Image-text web data

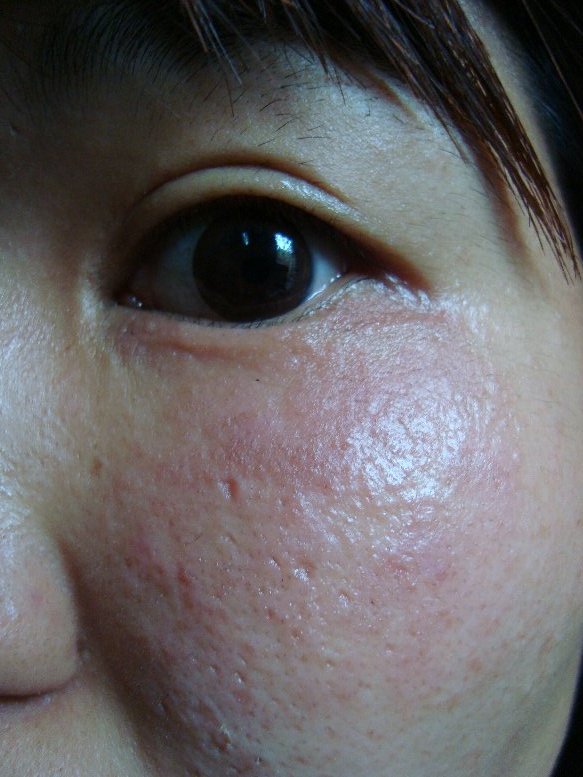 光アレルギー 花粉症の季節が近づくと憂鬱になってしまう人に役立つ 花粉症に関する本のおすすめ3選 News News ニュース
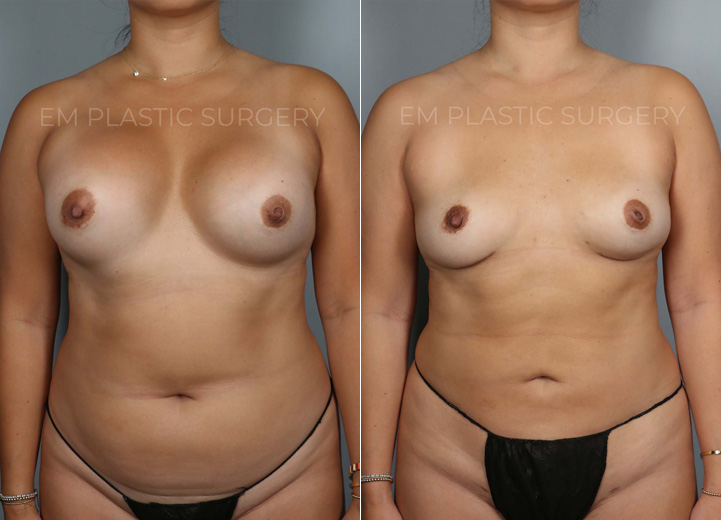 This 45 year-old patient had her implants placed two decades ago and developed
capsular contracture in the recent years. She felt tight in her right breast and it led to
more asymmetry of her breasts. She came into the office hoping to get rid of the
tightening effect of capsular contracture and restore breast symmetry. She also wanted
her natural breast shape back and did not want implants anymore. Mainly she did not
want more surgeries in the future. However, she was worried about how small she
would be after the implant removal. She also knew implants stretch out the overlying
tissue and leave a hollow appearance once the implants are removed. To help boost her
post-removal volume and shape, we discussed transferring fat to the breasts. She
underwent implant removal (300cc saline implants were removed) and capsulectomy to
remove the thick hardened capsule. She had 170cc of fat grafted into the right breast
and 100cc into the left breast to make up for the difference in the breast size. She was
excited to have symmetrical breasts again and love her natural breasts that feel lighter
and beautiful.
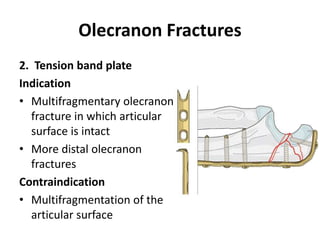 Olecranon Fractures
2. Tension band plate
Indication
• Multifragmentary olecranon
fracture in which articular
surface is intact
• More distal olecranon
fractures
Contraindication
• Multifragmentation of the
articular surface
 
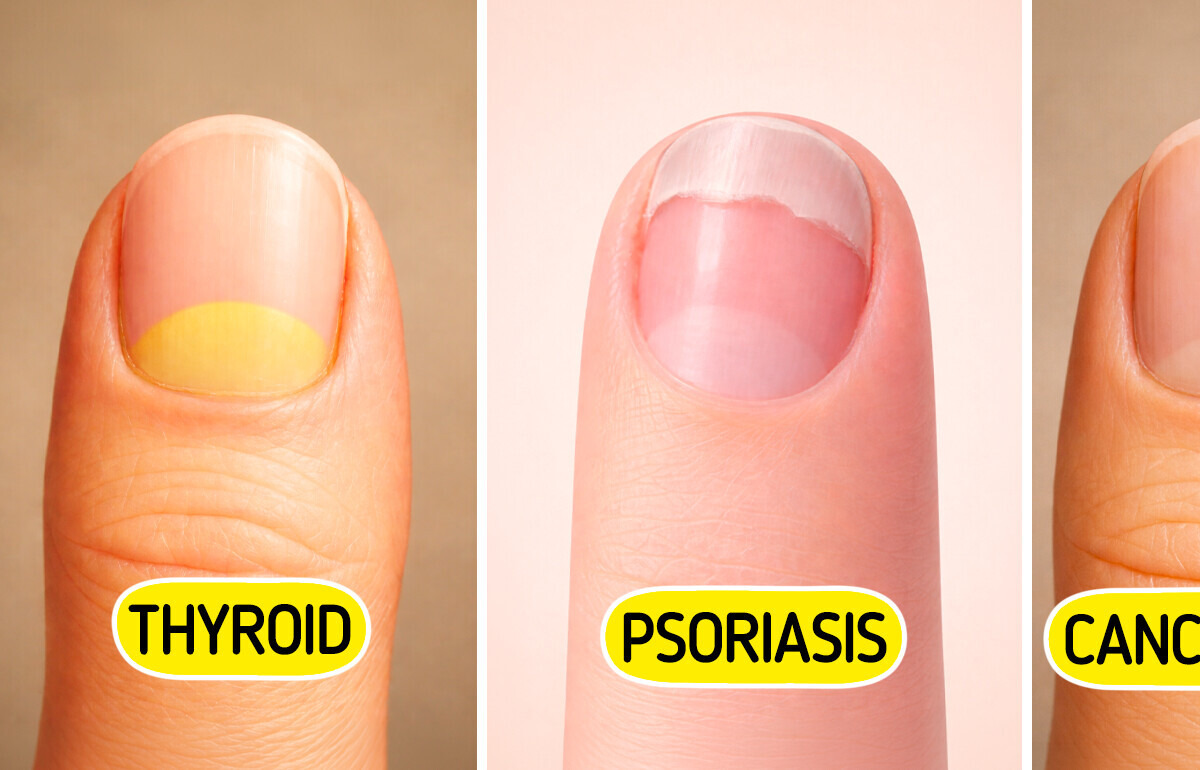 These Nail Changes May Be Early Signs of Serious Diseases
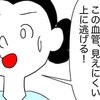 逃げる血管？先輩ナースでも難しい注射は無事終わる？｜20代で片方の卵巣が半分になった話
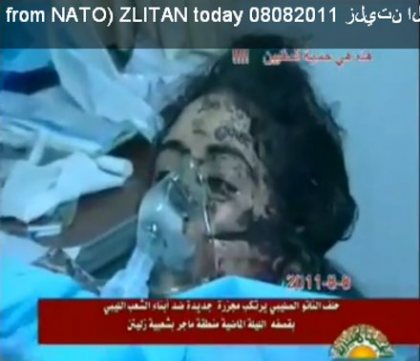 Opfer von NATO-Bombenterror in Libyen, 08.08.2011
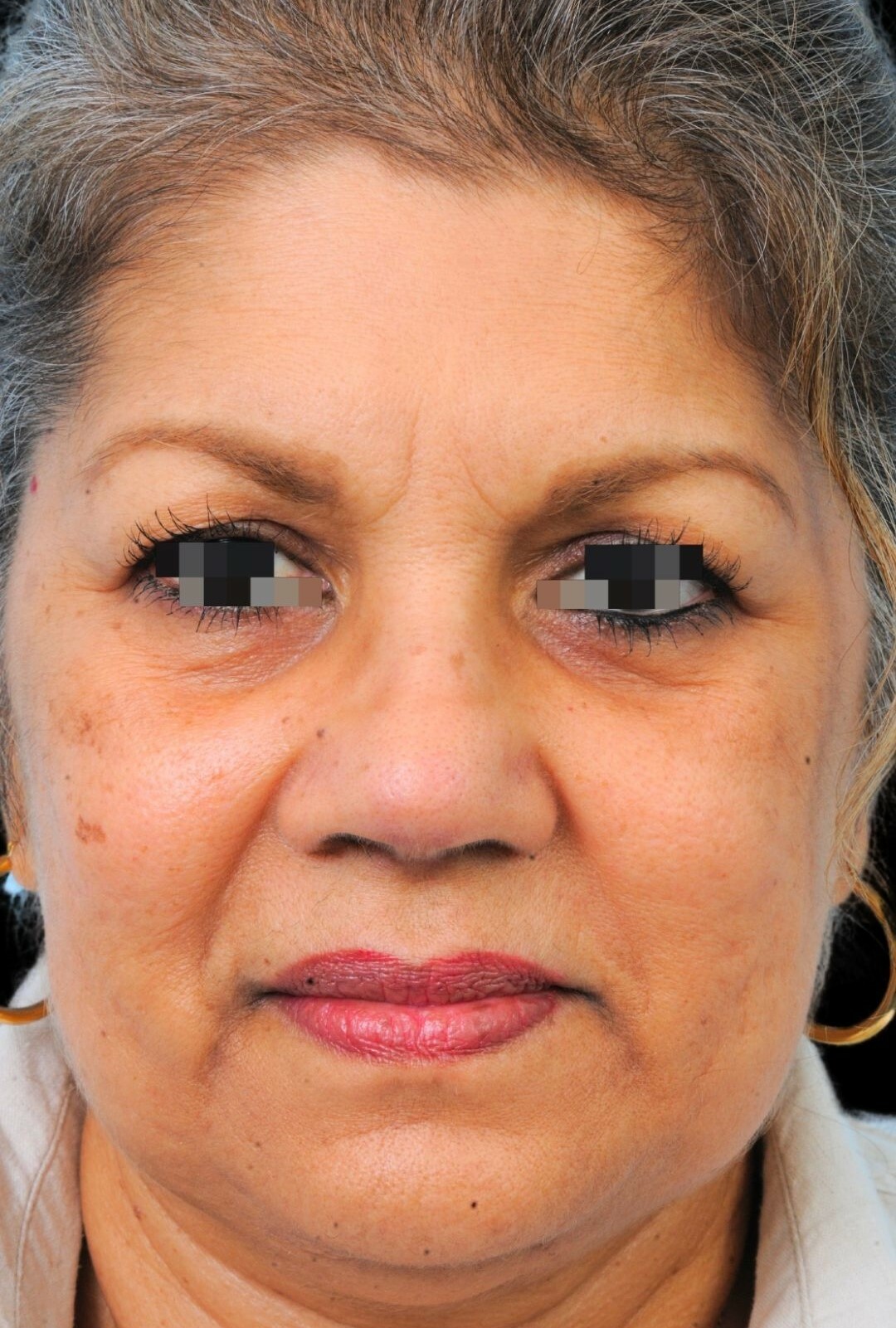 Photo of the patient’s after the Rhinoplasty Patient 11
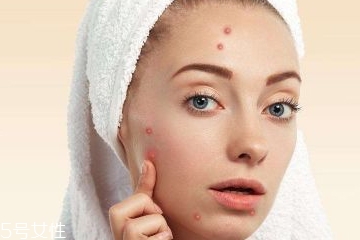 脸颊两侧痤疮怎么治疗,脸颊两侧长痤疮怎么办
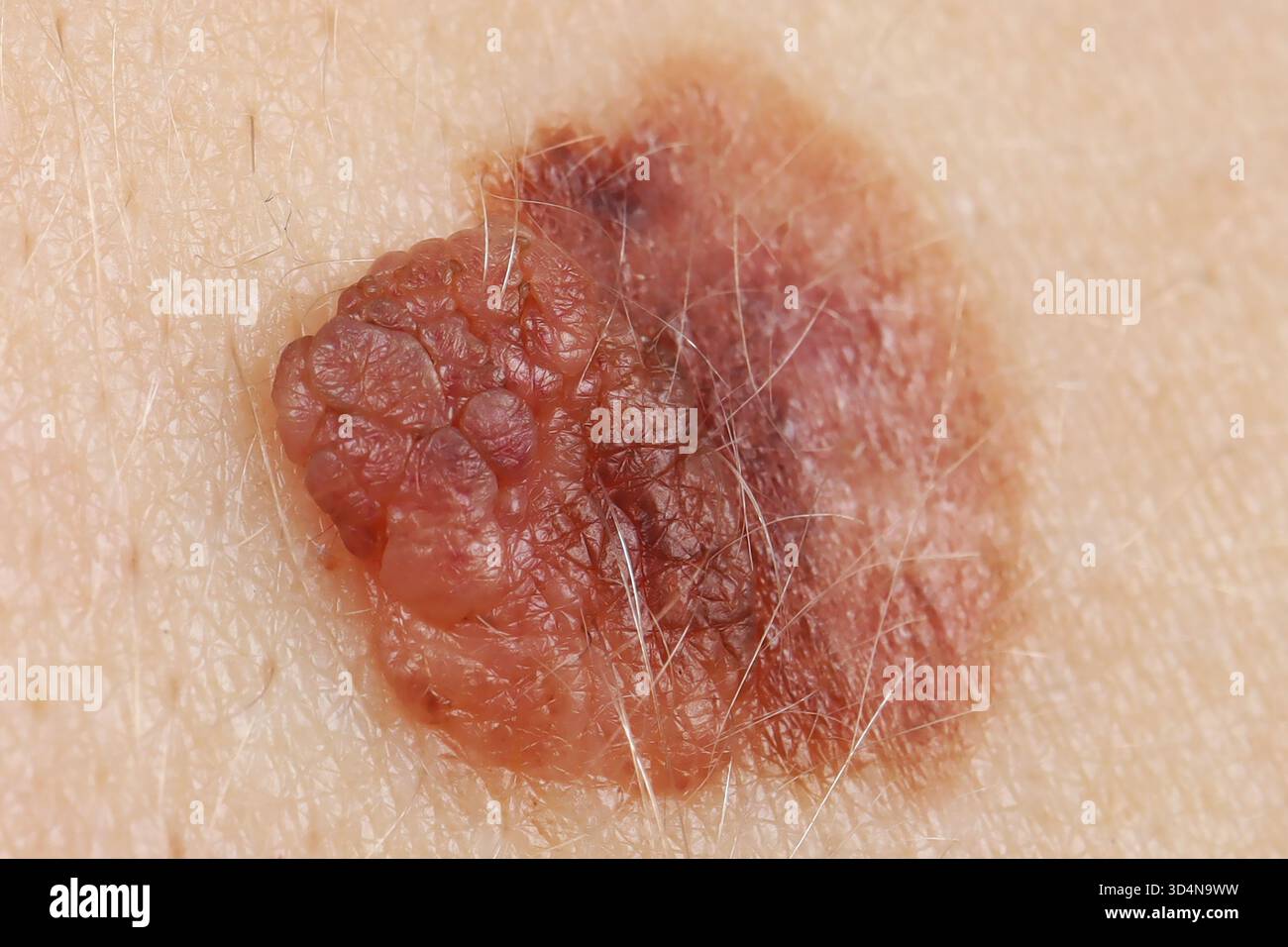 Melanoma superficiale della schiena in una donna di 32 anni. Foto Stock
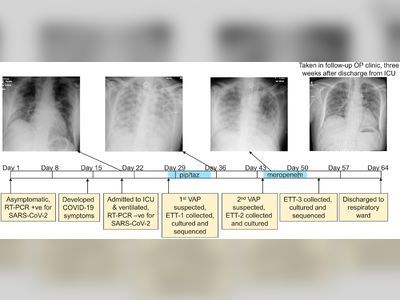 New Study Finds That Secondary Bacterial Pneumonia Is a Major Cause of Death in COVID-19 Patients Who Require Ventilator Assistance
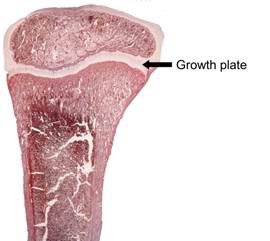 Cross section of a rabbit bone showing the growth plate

■ **Assignment**: Pull out all lines of the data with the string "breasts".

■ **Written response**:
more asymmetry of her breasts. She came into the office hoping to get rid of the
post-removal volume and shape, we discussed transferring fat to the breasts. She
excited to have symmetrical breasts again and love her natural breasts that feel lighter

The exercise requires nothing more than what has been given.